Top Three Takeaways:

  1. The exact areas of brain stimulation determine if the patient experiences a change in emotion.
  2. Rat and other animal models lead to inferencing in order to see the results of deep brain stimulation.
  3. The ethics of deep brain stimulation and research must always be realized in order to prevent the technology from being abused.

[0:00] Ladan introduces Cory Inman and explains how he studies deep brain stimulation and its effects on the emotional aspect of someone’s personality. He also invites listeners to the 2019 Bioelectronic Medicine Forum in New York. To register, follow the hyperlink or call (415) 546-1259. If you mention the Neural Implant Podcast Channel, you will receive a free ebook written by Jennifer French and published by Neurotech Press.

[2:30] Inman explains how he has tried to enhance memory through deep brain stimulations.

[3:15] His team studied how stimulating the amygdala could affect depression.

[4:30] Patients who are having their brains monitored by implantable electrodes monitoring for seizures are asked if they would like to participate in research on deep brain stimulation and emotion.

[6:20] Inman goes into detail about the conversations occurring surrounding the ethics of deep brain stimulation.

[8:00] It is explained how Inman’s research institution sees 30-45 patients a year which is much more than other ones focusing on deep brain stimulation.

[8:45] The stimulations in the brain are very localized; very specific nuclei in the amygdala can be stimulated.

[10:00] Neurologists agree that certain areas of the brain are not normal in epileptic patients; these areas of the brain could be removed if they are redundant in other parts of the brain.

[12:00] Out of sixty patients, only about two patients experienced emotional changes with amygdala stimulation.

[13:30] The exact areas of brain stimulation determine if the patient experiences a change in emotion.

[14:00] Most of the human cognition occurs unconsciously; different areas and amounts of stimulation to the neural circuit could lead to awareness of emotional differences.

[15:15] Inman explains that staying aware of the ethics of deep brain stimulation poses the largest challenge to his team.
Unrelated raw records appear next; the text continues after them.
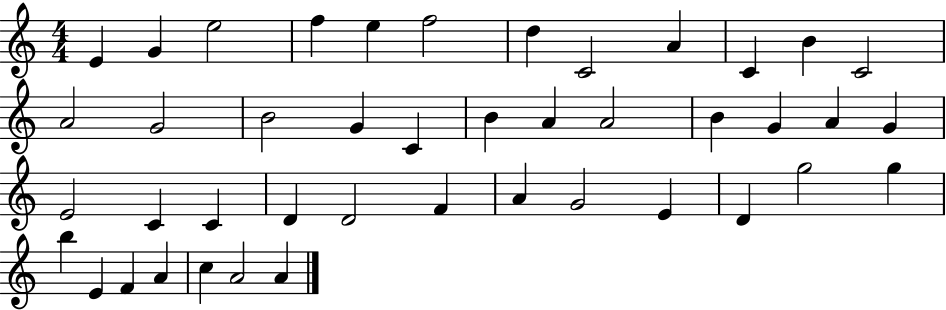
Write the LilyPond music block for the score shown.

{
  \clef treble
  \numericTimeSignature
  \time 4/4
  \key c \major
  e'4 g'4 e''2 | f''4 e''4 f''2 | d''4 c'2 a'4 | c'4 b'4 c'2 | \break a'2 g'2 | b'2 g'4 c'4 | b'4 a'4 a'2 | b'4 g'4 a'4 g'4 | \break e'2 c'4 c'4 | d'4 d'2 f'4 | a'4 g'2 e'4 | d'4 g''2 g''4 | \break b''4 e'4 f'4 a'4 | c''4 a'2 a'4 | \bar "|."
}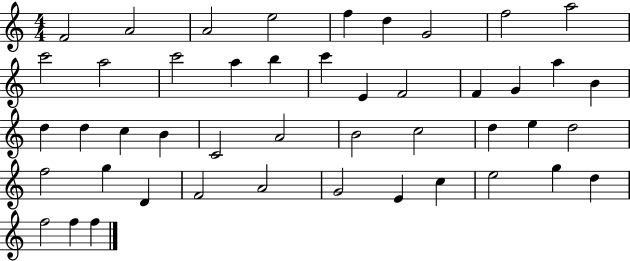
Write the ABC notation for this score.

X:1
T:Untitled
M:4/4
L:1/4
K:C
F2 A2 A2 e2 f d G2 f2 a2 c'2 a2 c'2 a b c' E F2 F G a B d d c B C2 A2 B2 c2 d e d2 f2 g D F2 A2 G2 E c e2 g d f2 f f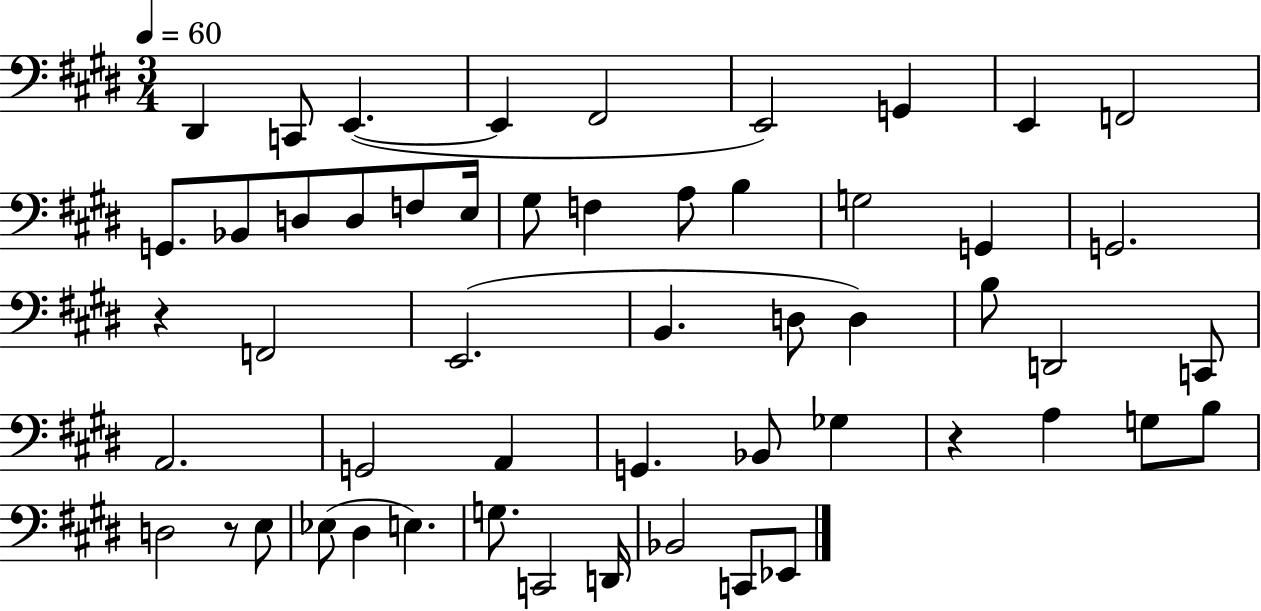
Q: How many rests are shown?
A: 3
Another challenge involves the lack of knowledge in the area.

[17:00] The amperage and frequency can be altered in stimulation; another challenge involves a large number of variables that can be altered with deep brain stimulation.

[19:30] Animal models provide more flexibility to modify parameters that can be later applied to humans.

[20:15] Stimulation of the amygdala is dose-dependent—increased and stronger stimulation leads to more of a response.

[21:00] Rat and other animal models lead to inferencing in order to see the results of deep brain stimulation.

[22:00] Implications of this research involves helping people suffering from disabilities and diseases.

[23:50] Inman shares how one can easily lose a sense of self when suffering from memory loss.

[25:00] Inman hopes to use deep brain stimulation to help people remember the memories that create a sense of self.

[26:00] Inman expresses his concern for the use of deep brain stimulation to control the emotions of other people; he says that it is our job to make sure the dark side of this technology never emerges.

[27:30] Ladan explains how this technology is very controlled and would be hard to take advantage of.

[29:00] With unlimited funding, Inman would gather all of the world experts in various neural technologies to create an augmented reality for patients that would help improve memories.

[30:40] Inman wants to test the real-life memories of people outside of controlled experimental settings.

[32:00] The NeuroPace RNS is placed in epilepsy patients that get seizures from multiple areas of the brain at one time.

[33:15] The device monitors areas of the brain known for causing seizures and stops them via stimulation.

[35:30] Inman wants to create a virtual reality that could help test people’s memories and help increase their retention.

[37:00] Inman expresses his gratitude for the Neural Implant Podcast Channel because it creates an outlet for developments in neural technologies.

[40:00] Ladan describes his interest in how deep brain stimulation could affect people’s emotional states.